Below are entries; copy exactly the lines from the one with "A Genealogy of" through the one with "Sample Pcl File", both included, and leave out the rest.

MATERIAL SHOWN →
════

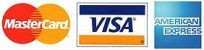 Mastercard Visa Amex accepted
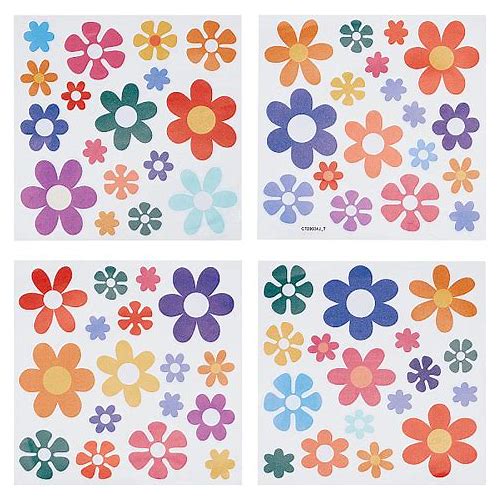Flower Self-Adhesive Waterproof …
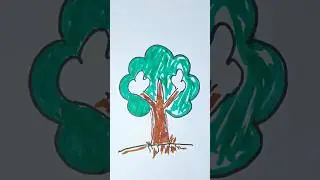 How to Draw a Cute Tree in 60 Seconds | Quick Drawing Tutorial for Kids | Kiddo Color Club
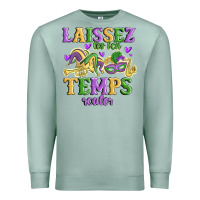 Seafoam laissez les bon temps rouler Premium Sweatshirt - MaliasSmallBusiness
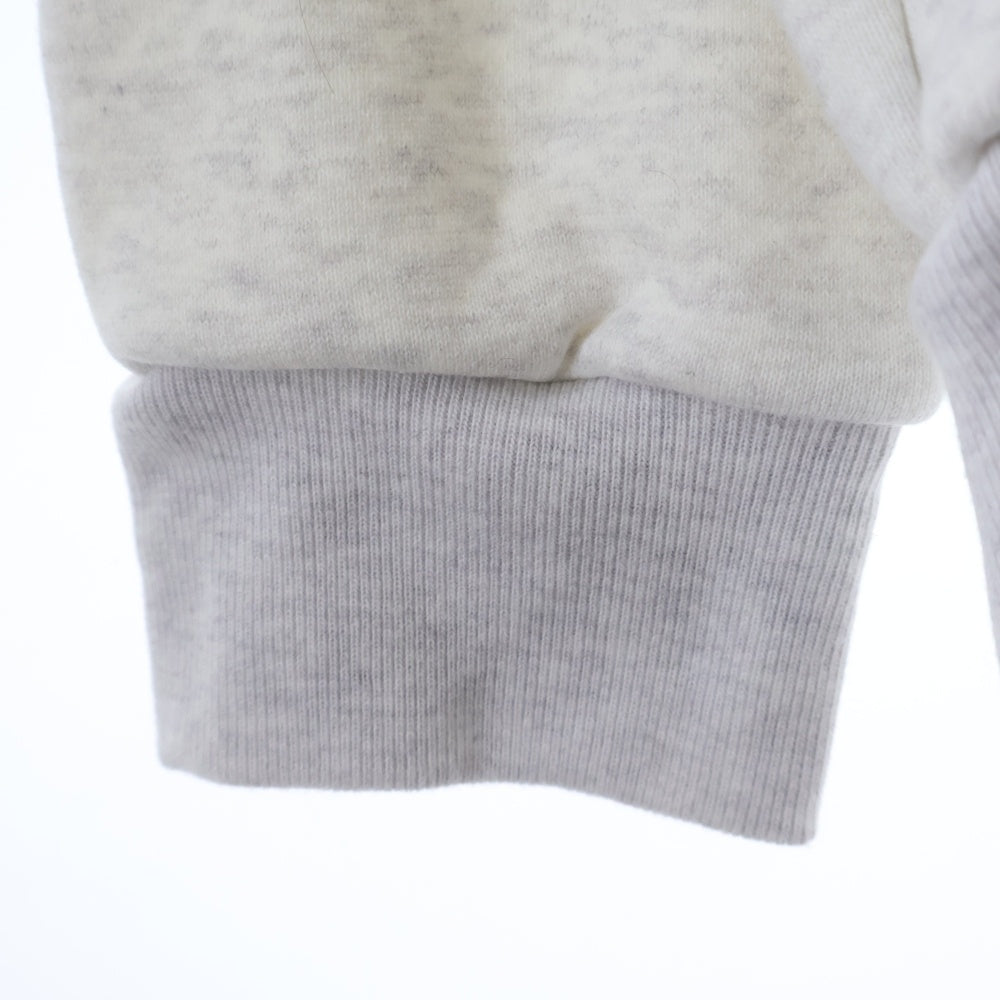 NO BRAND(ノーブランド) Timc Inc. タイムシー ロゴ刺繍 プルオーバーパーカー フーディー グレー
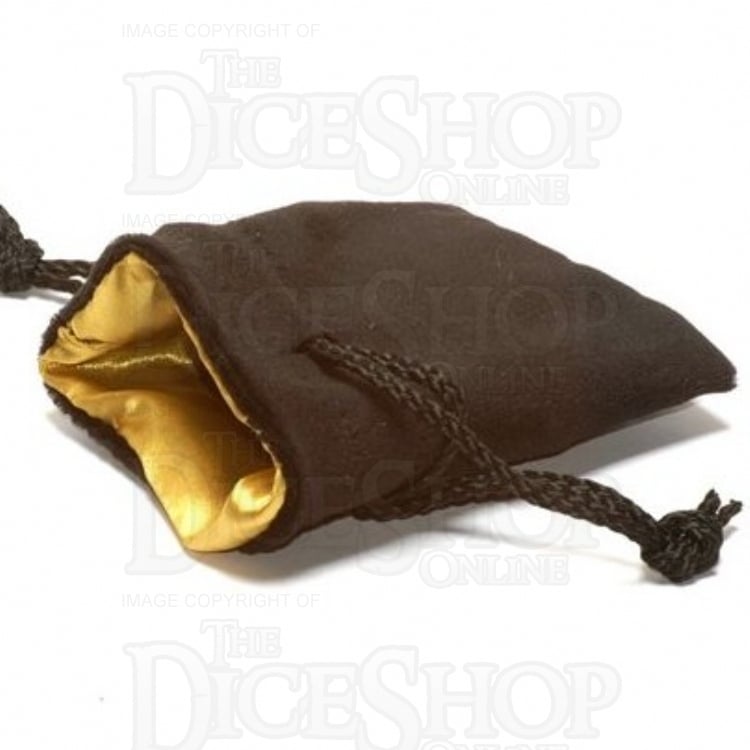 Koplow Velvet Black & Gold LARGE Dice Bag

════

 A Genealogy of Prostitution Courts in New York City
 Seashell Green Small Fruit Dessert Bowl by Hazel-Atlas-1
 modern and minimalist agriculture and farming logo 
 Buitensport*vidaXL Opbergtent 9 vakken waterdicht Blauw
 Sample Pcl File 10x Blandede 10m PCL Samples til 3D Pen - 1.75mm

════

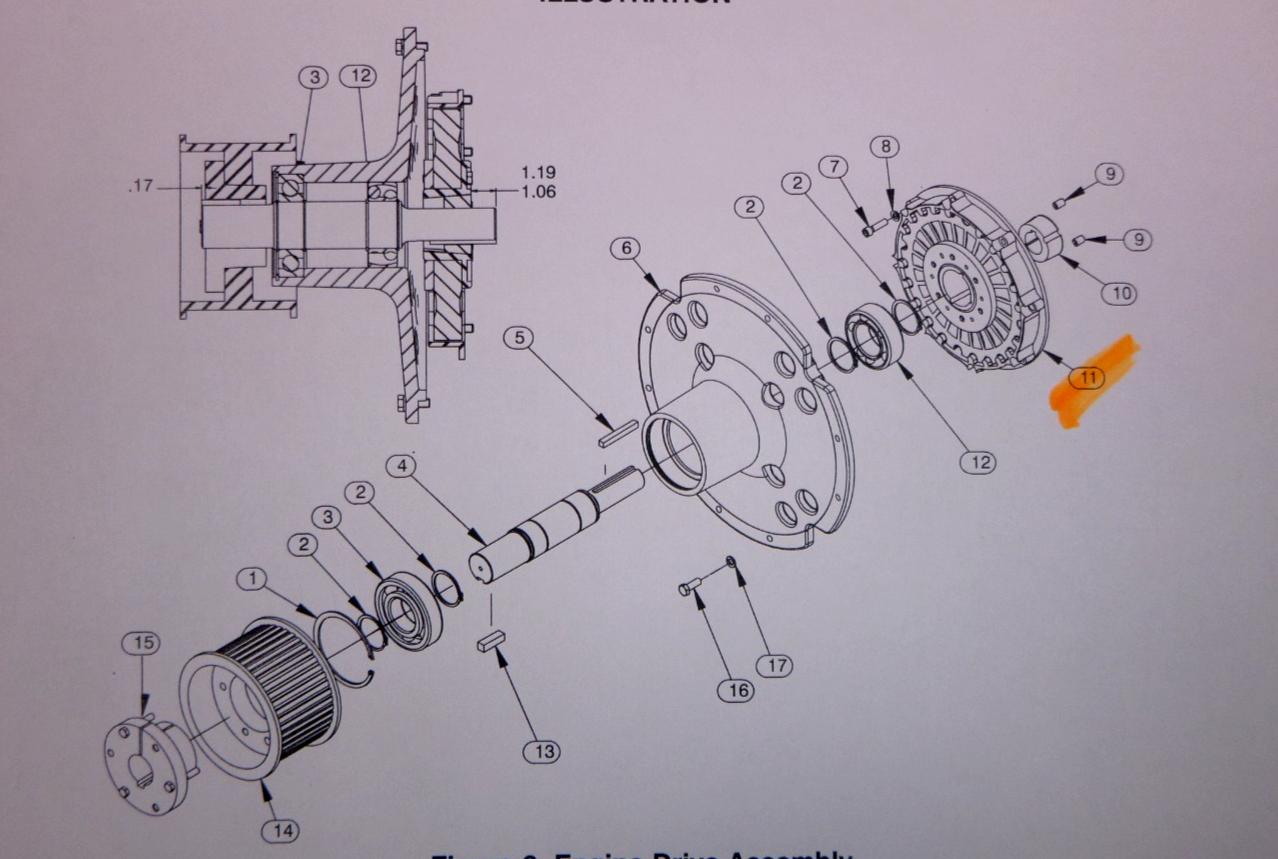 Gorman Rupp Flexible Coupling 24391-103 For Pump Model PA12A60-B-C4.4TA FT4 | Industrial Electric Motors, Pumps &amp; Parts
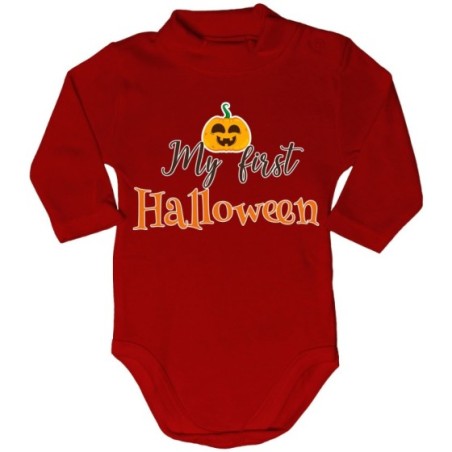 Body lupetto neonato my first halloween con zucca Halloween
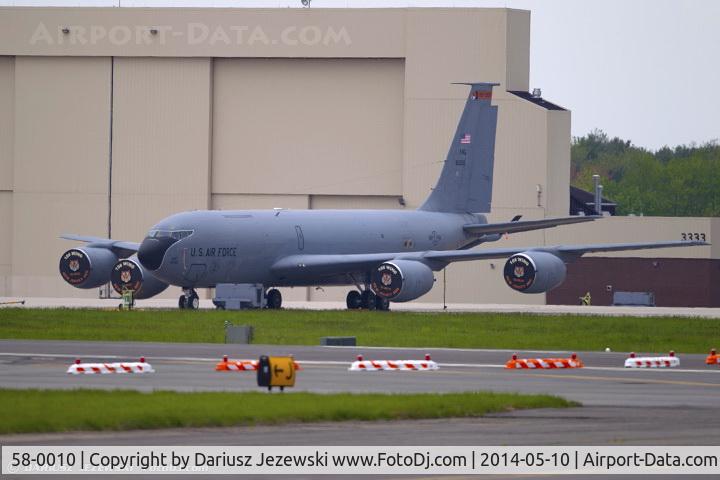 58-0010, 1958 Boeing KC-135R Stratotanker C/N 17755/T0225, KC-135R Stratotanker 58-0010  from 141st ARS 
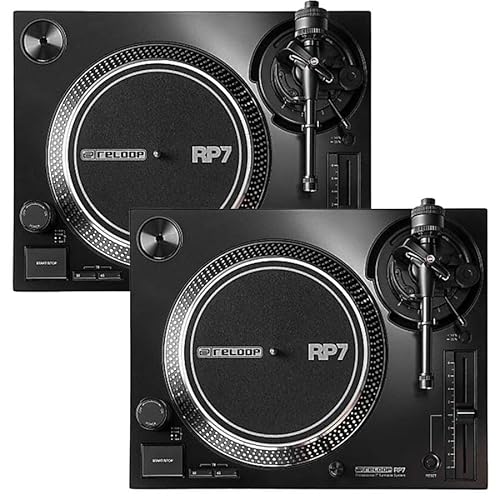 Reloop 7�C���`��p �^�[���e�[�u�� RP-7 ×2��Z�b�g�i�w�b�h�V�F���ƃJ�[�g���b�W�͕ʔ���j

════

TASK ANSWER →
 A Genealogy of Prostitution Courts in New York City
 Seashell Green Small Fruit Dessert Bowl by Hazel-Atlas-1
 modern and minimalist agriculture and farming logo 
 Buitensport*vidaXL Opbergtent 9 vakken waterdicht Blauw
 Sample Pcl File 10x Blandede 10m PCL Samples til 3D Pen - 1.75mm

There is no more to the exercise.